INSTRUCTIONS FOR THE TASK: Below is some data. Retype exactly the lines starting at the one with "Imagem de Kit" and ending at the one with "Metallo Lampada da".

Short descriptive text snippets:
==*==

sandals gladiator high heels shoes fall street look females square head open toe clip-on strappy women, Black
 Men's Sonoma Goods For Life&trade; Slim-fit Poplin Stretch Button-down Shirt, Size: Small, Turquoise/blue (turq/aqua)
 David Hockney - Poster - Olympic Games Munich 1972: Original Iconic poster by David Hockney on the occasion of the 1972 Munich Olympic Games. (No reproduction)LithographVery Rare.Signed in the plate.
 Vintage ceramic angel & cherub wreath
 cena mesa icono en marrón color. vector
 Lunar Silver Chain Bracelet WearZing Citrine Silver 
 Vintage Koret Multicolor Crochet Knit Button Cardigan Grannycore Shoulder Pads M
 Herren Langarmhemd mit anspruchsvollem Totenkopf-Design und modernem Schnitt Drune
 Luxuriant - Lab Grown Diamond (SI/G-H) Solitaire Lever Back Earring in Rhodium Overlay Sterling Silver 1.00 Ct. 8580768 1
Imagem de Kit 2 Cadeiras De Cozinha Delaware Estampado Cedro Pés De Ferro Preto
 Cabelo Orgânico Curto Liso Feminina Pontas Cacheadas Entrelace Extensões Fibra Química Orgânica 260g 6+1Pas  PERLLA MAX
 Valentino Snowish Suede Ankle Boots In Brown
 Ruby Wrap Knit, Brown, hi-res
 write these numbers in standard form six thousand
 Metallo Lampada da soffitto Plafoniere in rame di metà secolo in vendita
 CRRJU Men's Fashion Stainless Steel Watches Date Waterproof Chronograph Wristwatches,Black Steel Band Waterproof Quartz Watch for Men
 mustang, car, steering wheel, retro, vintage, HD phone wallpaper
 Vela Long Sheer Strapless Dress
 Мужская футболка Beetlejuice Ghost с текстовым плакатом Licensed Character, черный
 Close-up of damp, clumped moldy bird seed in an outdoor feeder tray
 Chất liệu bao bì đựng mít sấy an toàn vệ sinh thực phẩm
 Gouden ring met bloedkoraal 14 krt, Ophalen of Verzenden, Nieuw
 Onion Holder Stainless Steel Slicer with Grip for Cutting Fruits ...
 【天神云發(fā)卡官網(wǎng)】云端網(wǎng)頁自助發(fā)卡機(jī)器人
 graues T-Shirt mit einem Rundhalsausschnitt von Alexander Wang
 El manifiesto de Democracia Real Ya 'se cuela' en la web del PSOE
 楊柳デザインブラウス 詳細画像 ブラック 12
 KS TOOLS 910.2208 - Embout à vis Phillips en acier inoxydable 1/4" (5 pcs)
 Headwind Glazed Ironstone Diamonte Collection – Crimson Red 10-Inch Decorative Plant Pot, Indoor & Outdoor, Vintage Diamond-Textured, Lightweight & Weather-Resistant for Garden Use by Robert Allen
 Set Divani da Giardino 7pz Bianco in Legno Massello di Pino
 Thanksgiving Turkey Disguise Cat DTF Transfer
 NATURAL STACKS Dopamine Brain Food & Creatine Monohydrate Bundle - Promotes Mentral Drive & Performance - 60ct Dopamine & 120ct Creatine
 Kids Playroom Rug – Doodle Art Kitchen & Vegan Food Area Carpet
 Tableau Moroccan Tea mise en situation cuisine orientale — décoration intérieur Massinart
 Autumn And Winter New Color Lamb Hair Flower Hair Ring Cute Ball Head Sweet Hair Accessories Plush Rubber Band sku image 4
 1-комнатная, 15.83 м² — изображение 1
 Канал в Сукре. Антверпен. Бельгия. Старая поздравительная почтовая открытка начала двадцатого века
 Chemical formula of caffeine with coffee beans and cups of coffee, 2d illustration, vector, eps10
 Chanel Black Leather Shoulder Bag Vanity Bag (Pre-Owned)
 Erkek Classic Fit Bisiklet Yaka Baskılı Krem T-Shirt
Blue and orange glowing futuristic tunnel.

==*==

OUTPUT:
Imagem de Kit 2 Cadeiras De Cozinha Delaware Estampado Cedro Pés De Ferro Preto
 Cabelo Orgânico Curto Liso Feminina Pontas Cacheadas Entrelace Extensões Fibra Química Orgânica 260g 6+1Pas  PERLLA MAX
 Valentino Snowish Suede Ankle Boots In Brown
 Ruby Wrap Knit, Brown, hi-res
 write these numbers in standard form six thousand
 Metallo Lampada da soffitto Plafoniere in rame di metà secolo in vendita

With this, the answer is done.